How to complete this task: Your answer must be an exact copy of the listing that follows, with all pictures omitted.
[[ Data open ]]
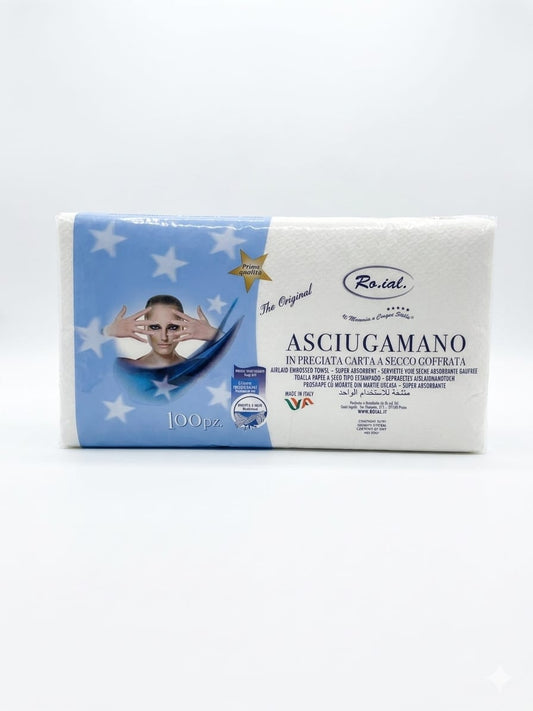 Asciugamani monouso 40x70 carta a secco 100 pz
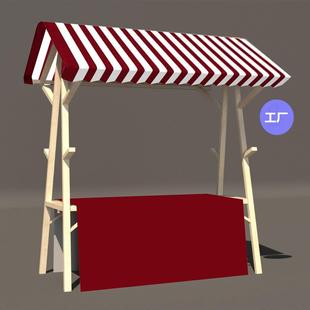 市集摊位架移动可折叠木质展示架活动棚网红促销花车夜市集市架子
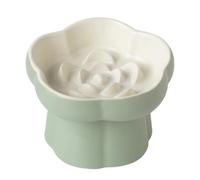 Cat Slow Eating Bowl, Interactive Puzzle Raised Pet Bowl - Non-Slip Slow Eating Bowl for Puppies, for Home in the Kitchen, Living Room on the Balcony in the Home, Outdoors, Travel and Campin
[[ Data closed ]]
Exercise solution:
 Asciugamani monouso 40x70 carta a secco 100 pz
 市集摊位架移动可折叠木质展示架活动棚网红促销花车夜市集市架子
 Cat Slow Eating Bowl, Interactive Puzzle Raised Pet Bowl - Non-Slip Slow Eating Bowl for Puppies, for Home in the Kitchen, Living Room on the Balcony in the Home, Outdoors, Travel and Campin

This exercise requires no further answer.